Allyn gives pretty good advice, Stefan.

(except the part about the "larger contact patch" with 17inchers.  That's a little off-base; the patch may be wider if the tire is wider, but the patch area will be the same...wider patch but shorter)

Larry
  ----- Original Message ----- 
  From: Allyn 
  To: Stefan P ; scirocco-l@scirocco.org 
  Sent: Thursday, April 01, 2004 8:56 AM
  Subject: Re: question on tires and ride once again(long)

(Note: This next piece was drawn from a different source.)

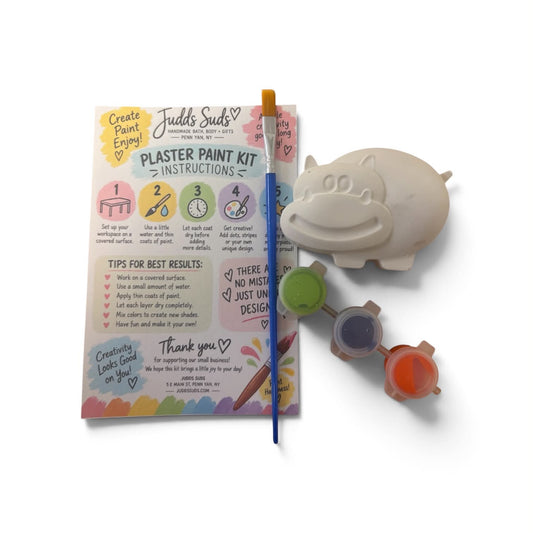 Judd's Suits Plaster Paint Kit with a pig-shaped mold, instruction booklet, paint brush, and three small paint pots on a white background.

  >A while ago I asked  a question about why my car vibrated really badly at 
  >higher speeds. I had 17 inch rims. The replies I got where to get 
  >hubcentric rings.

  you would be shocked at just bow shitty even a 1mm misalignment of the wheel 
  center on the hub can make your ride. the rieger was simply unbearable at 
  70, it would make my leg go numb.

  > As soon as i start driving the difference is noticeable, the car shakes 
  > and vibrates at 45mph. I take it to the shop. They look at it and tell me 
  > the tires are chopping. ( the alignment is perfect and camber is as close 
  > to perfect as it can be, i know this cause i had to have those specially 
  > fixed on that car).

  ok, even a slight offset in the hub mount can give imbalance 'effects' on 
  the wheel, enough to cause choppyness. anything felt at less than 60 mph is 
  not balance, its centering / bent wheel (or bad wear on the tire from high 
  speed imbalance / offset centering). also, i assume your toe is set to 
  factory, which is a bit steep for 17's. you have a much larger contact patch 
  and thinner sidewall than those specs were designed around. 17's give much 
  less and tend to respond better on half the factory toe value. this was 
  especially noticable on the back of the rieger (275/40/17). factory toe was 
  simply too much for that much rubber on the road, and was causing very bad 
  chopping of the outer part of the tread, while wearing the inner tread down 
  to being bald (even with good camber values). moral of the story - too much 
  toe for wide rubber can cause wear that looks like too much negative camber.

  > from 55 - 70 mph (i dont usually go over 70). So now my next tire rotation 
  > is coming up and I notice that im drving on slicks in the front as in 
  > there is hardly and tread. The back looks a little better but not by much. 
  > SO all in all a set of 4 tires lasts me 10000 miles.

  ok, heres what happens. wheels arent mounted at perfect center, which causes 
  localized heating of only some of the tread, which causes uneven tread wear 
  (also chopping / cupping), which causes overall uneven wear of the tire, 
  even if it is later mounted at perfect center. for example, the 5k miles 
  with no hubcentric rings may have already done the damage - even installing 
  rings at that point may not completely eliminate vibration since the tread 
  has already wore unevenly. it may not even look like uneven wear - the 
  localized heating can make some areas of the tire give more than others, 
  resulting in something you can really only feel with the car going down the 
  road (doesnt show up on a normal tire balancer).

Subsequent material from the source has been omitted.